Stylist, client will feud on air
Sued for alleged shoddy work on a client's hair extensions, local stylist "Mr. Thom" expounds his expertise today on the nationally syndicated "Judge Judy" show.
The episode pitting Thom Martin against Central Point resident Dawn Kruchoski airs at 11 a.m. on the local ABC affiliate, KDRV. Viewers can expect dispute over Kruchoski's bald spots caused by extensions Martin applied while drinking on the job, according to the show's Web site.
"This lady decided it was hair extensions gone wrong," Martin said. Martin roundly denied that 16-inch lengths of treated hair he affixed to Kruchoski's head caused bare patches. The extensions, Martin said, came loose because Kruchoski went parasailing within the 48 hours clients are warned against washing their hair. While brushing her hair, Kruchoski's husband pulled out the extensions, Martin said.
"She did not have bald spots."
Kruchoski, 41, declined to talk about specifics of the case, citing a confidentiality agreement with "Judge Judy." A spokesman for the show confirmed that litigants sign such a clause.
Yet Kruchoski did indicate that judge Judy Sheindlin had it in for her.
"She was completely against doing hair extensions," Kruchoski said, adding that Sheindlin ranted and raved about the case, as is her custom on her TV-broadcast cases.
Martin, 56, said he tried to convince Kruchoski, a first-time client, that the extensions were too long and incompatible with her hair. He performed the procedure at his South Stage Road studio anyway because he comes from the "old school" where the "customer is always right." He said he adjusted the extensions several times free of charge before Kruchoski decided she wanted them removed and demanded a refund.
Martin said he has about 170 extension clients, who typically pay between $300 and $700 for the procedure depending on their length and type of hair.

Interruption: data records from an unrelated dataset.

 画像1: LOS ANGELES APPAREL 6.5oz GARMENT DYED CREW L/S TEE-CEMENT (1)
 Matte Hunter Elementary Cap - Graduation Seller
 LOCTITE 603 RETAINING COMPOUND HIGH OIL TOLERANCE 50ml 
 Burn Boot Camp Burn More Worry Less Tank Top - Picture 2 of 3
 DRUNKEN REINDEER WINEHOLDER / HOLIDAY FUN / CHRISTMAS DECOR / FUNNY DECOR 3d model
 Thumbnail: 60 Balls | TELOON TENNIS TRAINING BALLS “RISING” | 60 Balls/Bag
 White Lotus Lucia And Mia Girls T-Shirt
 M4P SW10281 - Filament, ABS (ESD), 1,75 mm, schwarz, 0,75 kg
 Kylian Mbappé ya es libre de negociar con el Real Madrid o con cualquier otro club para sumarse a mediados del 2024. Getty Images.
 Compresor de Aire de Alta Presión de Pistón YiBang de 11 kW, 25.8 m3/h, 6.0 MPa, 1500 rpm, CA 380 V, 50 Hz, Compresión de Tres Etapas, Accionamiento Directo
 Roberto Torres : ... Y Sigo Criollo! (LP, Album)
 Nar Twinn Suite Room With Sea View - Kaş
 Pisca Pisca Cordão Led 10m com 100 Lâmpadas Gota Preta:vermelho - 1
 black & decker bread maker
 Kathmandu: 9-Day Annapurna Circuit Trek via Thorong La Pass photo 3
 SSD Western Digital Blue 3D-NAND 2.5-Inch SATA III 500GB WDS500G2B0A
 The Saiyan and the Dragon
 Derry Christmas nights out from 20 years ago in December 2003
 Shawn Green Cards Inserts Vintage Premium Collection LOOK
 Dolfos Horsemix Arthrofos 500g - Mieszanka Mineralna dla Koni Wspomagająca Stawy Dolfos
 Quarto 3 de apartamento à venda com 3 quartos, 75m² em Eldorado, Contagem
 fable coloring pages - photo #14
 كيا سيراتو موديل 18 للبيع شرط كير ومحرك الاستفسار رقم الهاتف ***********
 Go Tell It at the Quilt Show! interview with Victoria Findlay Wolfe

As for the allegation of drinking on the job, Martin said he serves wine at his studio and neighboring bed and breakfast. He, personally, nurses a single glass all day, Martin claimed.
"We drink a lot out here," he joked.
Kruchoski did file a small-claims suit in December seeking a $5,000 judgment against Martin in Jackson County Circuit Court. Circuit Court Judge Ray White dismissed the case last month, according to court records.
While Sheindlin's courtroom has no legal jurisdiction, petitioners must agree that arbitration in her court is final and cannot be pursued elsewhere. "Judge Judy" producers scan dockets in real courts and request files so they can solicit complainants, said Circuit Court Operations Supervisor Bob Kleker. Representatives for such reality courtroom shows visit Jackson County every few months, he added.
A former New York family court judge, Sheindlin retired from the bench in 1996, according to her Web site.